I was speaking at a conference in Bristol for the first part of last week, and I was reminded once again what a wonderful city Bristol is. As long-time readers may remember, I was an undergraduate in Bristol, and I retain a great affection for the place. If you combined the excitement and urban grittiness of Birmingham, and the physical beauty and quirkiness of Oxford, and you'd get something rather like Bristol. Add one of Britain's most spectacular bridges (Brunel's Clifton Suspension Bridge), and you've got a winning formula.
The weather was cold but gloriously sunny, and the buildings shone in a clear, bright light. Because of all the steep hills in the city, there's always a great view just around the corner, and the place looked stunning in the sun. I love the way that Bristol somehow integrates both the urban and the wild. The gorge splits the city spectacularly and makes it feel excitingly dangerous, and the river brings the tang of the sea to the streets.
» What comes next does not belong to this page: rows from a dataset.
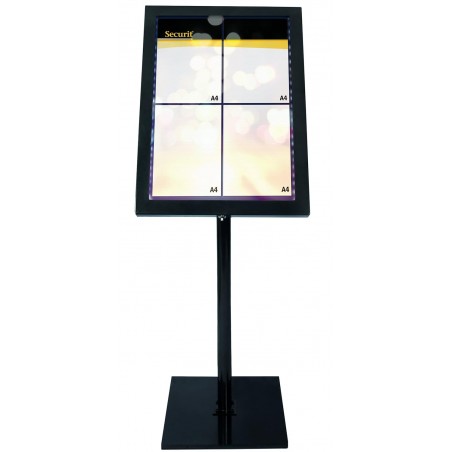 PORTE-MENUS COMPLET SECURIT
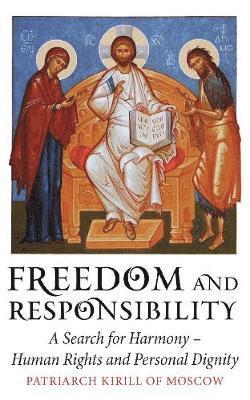 Freedom and Responsibility 1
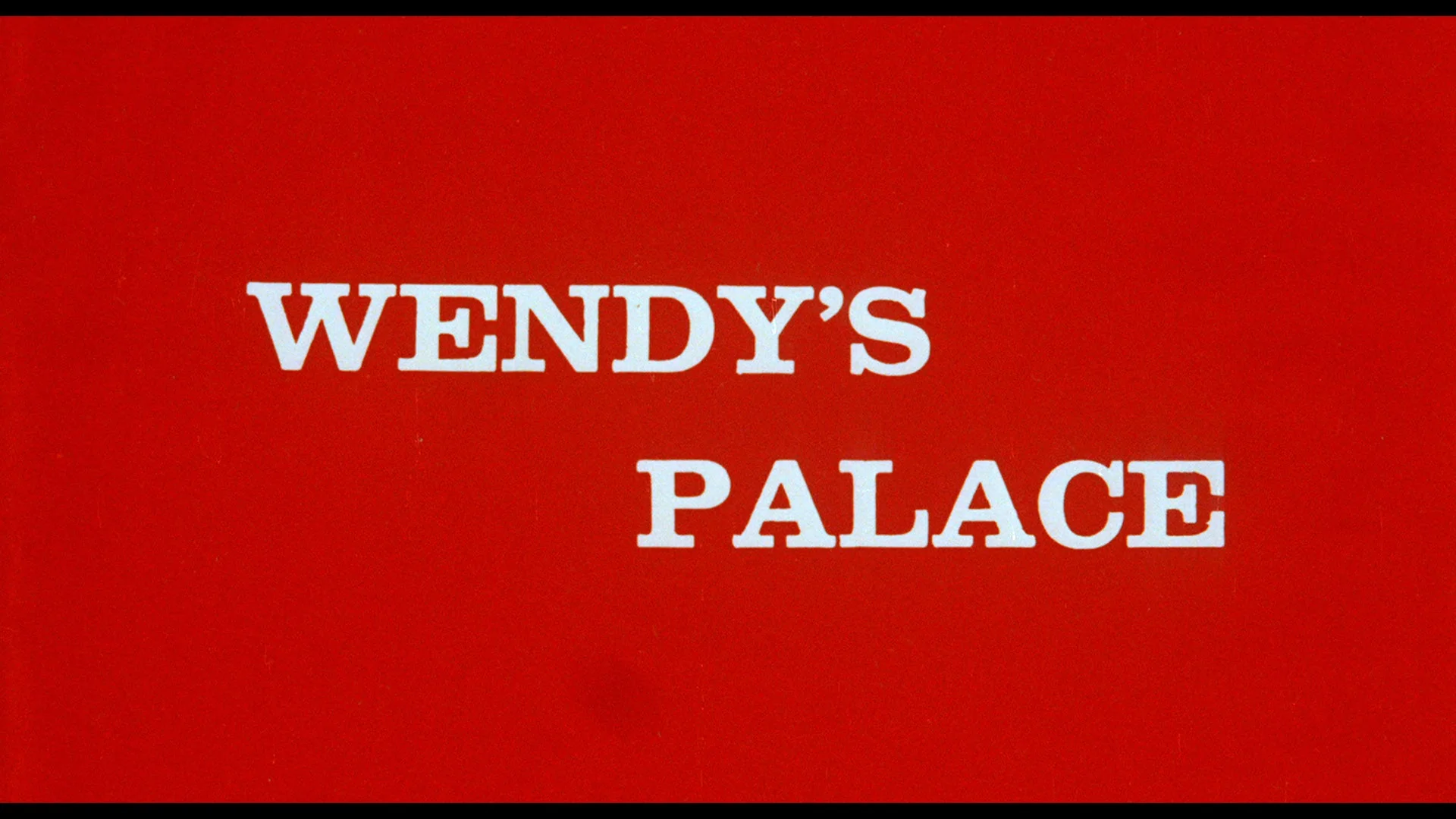 The Sexualist / Wendy's Palace - Image 17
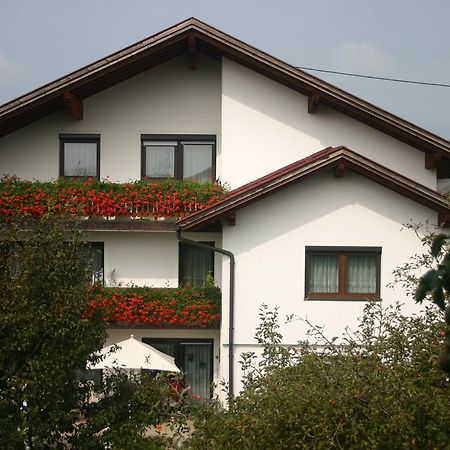 Haus Stuttgart Bed & Breakfast Obernberg am Inn Bagian luar foto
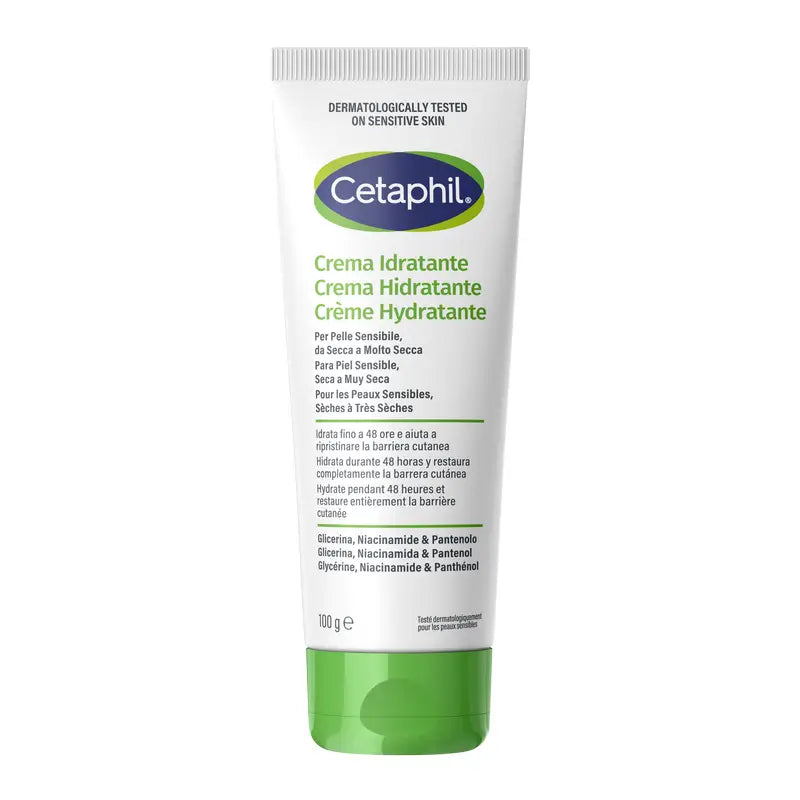 Cetaphil Cetaphil® Feuchtigkeitscreme 100 g
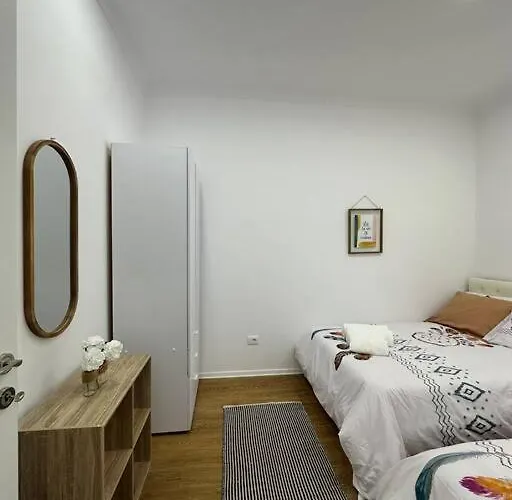 Appartement Cozy In *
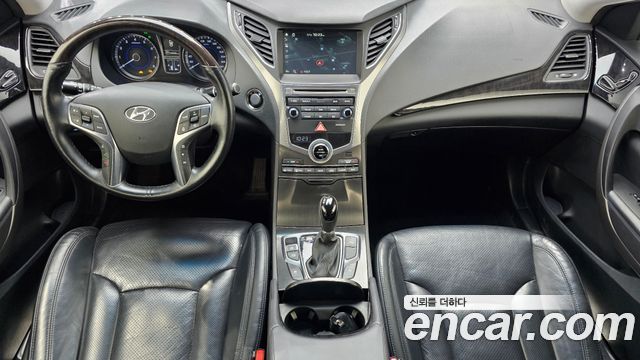 Hyundai Grandeur (HG) HG240 Modern Collection 2017 — фото 7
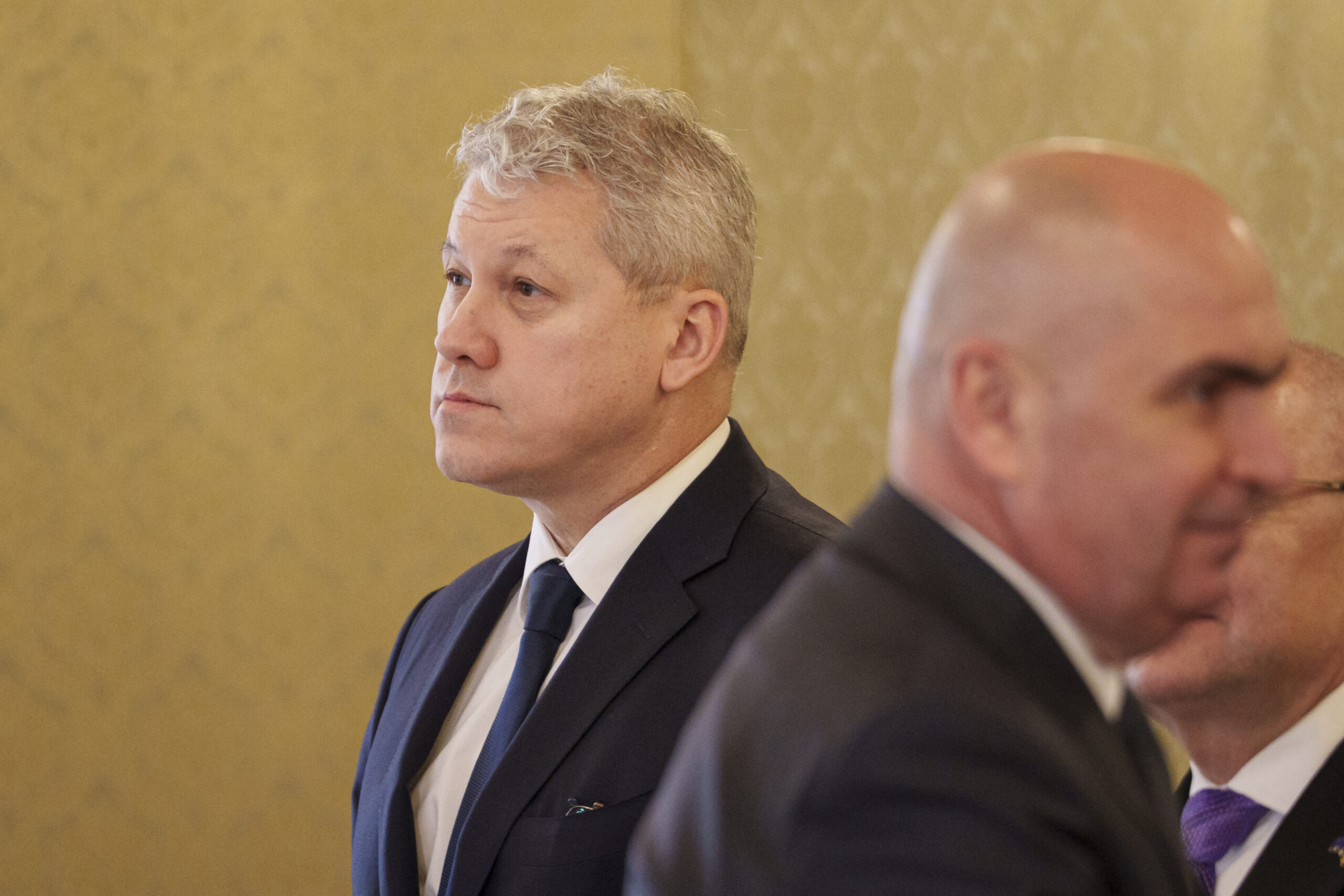 Emanuel Ungureanu depune plângere penală împotriva lui Bolojan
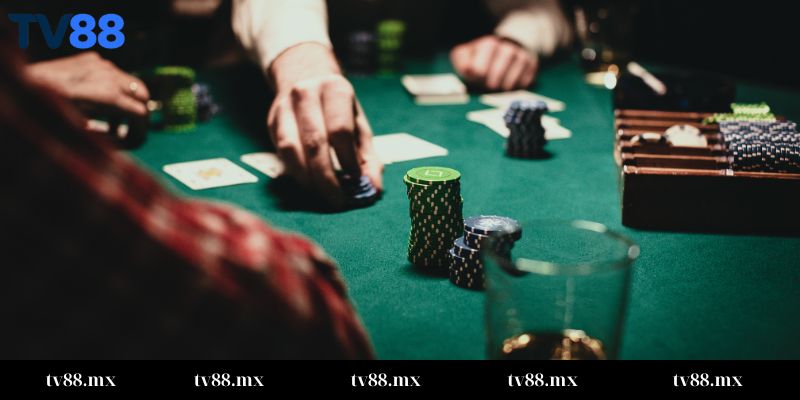 Áp dụng mẹo chơi poker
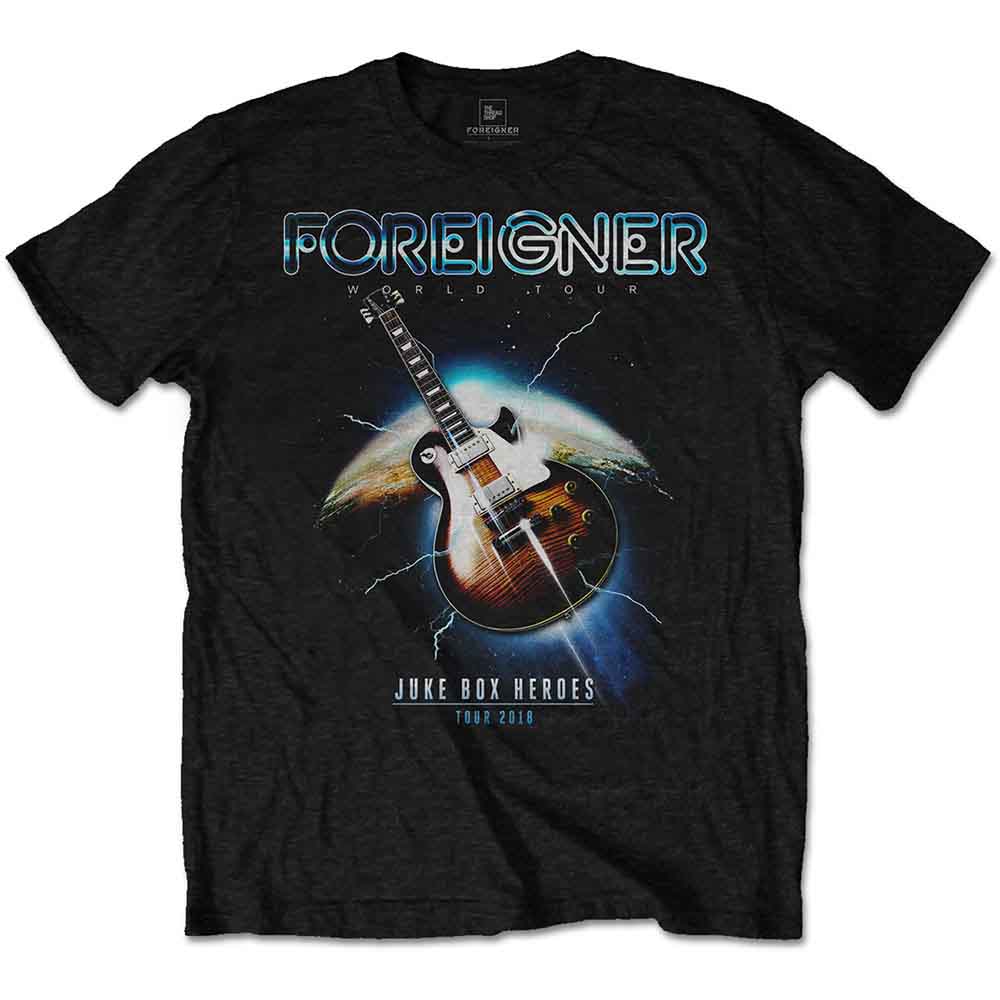 Foreigner Unisex T-Shirt
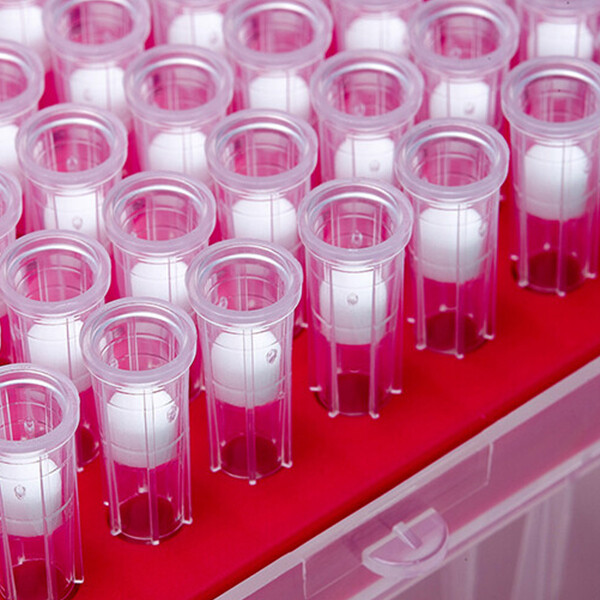 Đầu típ, đầu côn có lọc 10µl, 100µl, 200µl, 1000µl, 96 típ/rack-Vô trùng (Dòng A) Biologix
One moment I experienced seemed to encapsulate the 'urban wildness' feel for me. I was travelling on the bus to the railway station to come home, and saw a bright flock of muscular herring gulls wheeling close to the street. One had a slice of pizza, and the others were pursuing it. The pizza holder dropped its slice under the onslaught, and the flock wheeled and swooped against the sharp blue sky to catch it as it fell. Meanwhile, a young couple walking along the pavement had to stop to let the swirl of feathers pass, looking up and laughing like kids watching the snow fall.